▶ _Information shown_
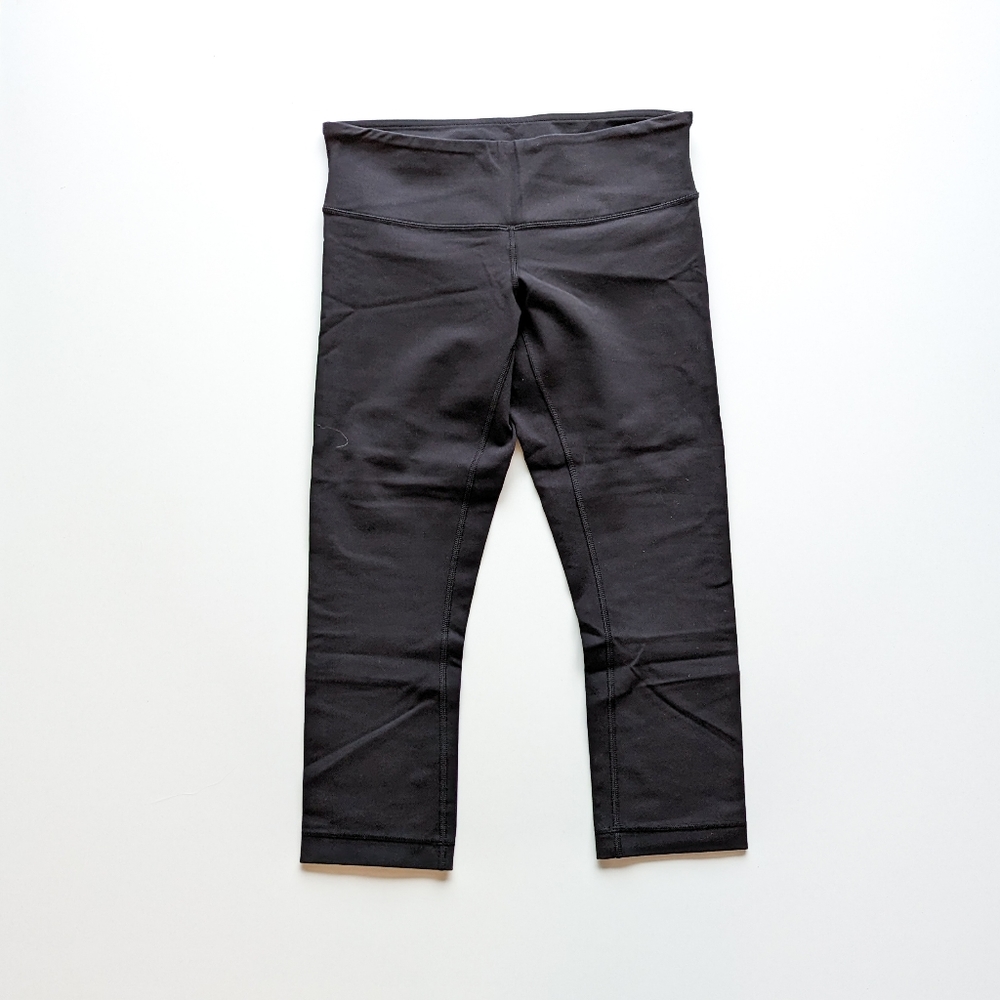 Lululemon 21" Wunder Under Crop Black
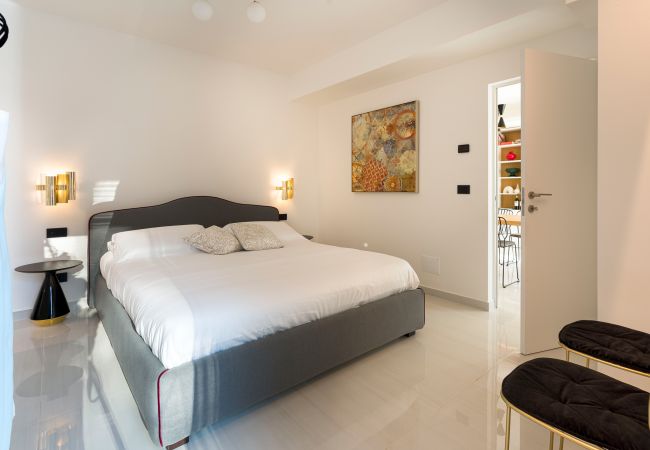 Villa in Savoca - Luxury villa with pool few km away from Taormina Villa in Savoca - Luxury villa with pool few km away from Taormina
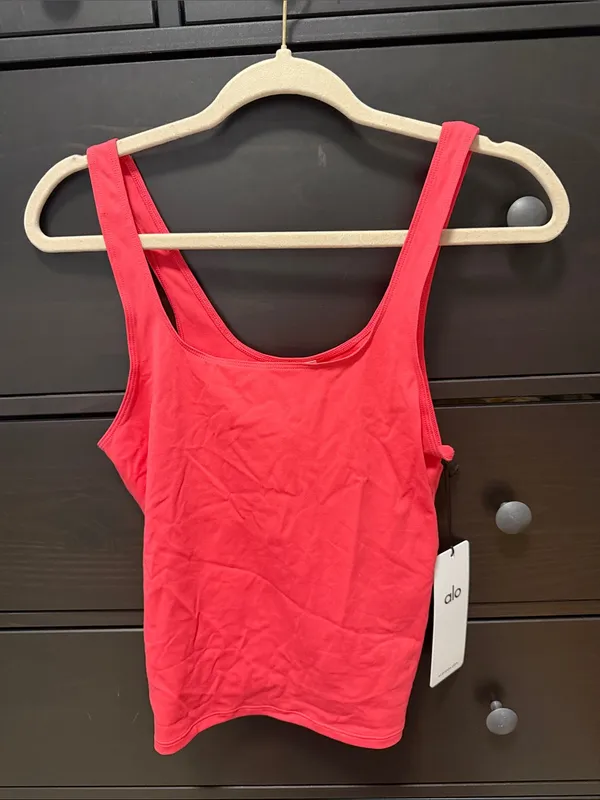 ALO Yoga Candy Red Softsculpt Tank Top NWT!! - Image 2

▶ _Work required_
Only the text of the listing above is copied, exactly as written; its pictures are dropped.

▶ _Answer to this problem_
 Lululemon 21" Wunder Under Crop Black
 Villa in Savoca - Luxury villa with pool few km away from Taormina Villa in Savoca - Luxury villa with pool few km away from Taormina
 ALO Yoga Candy Red Softsculpt Tank Top NWT!! - Image 2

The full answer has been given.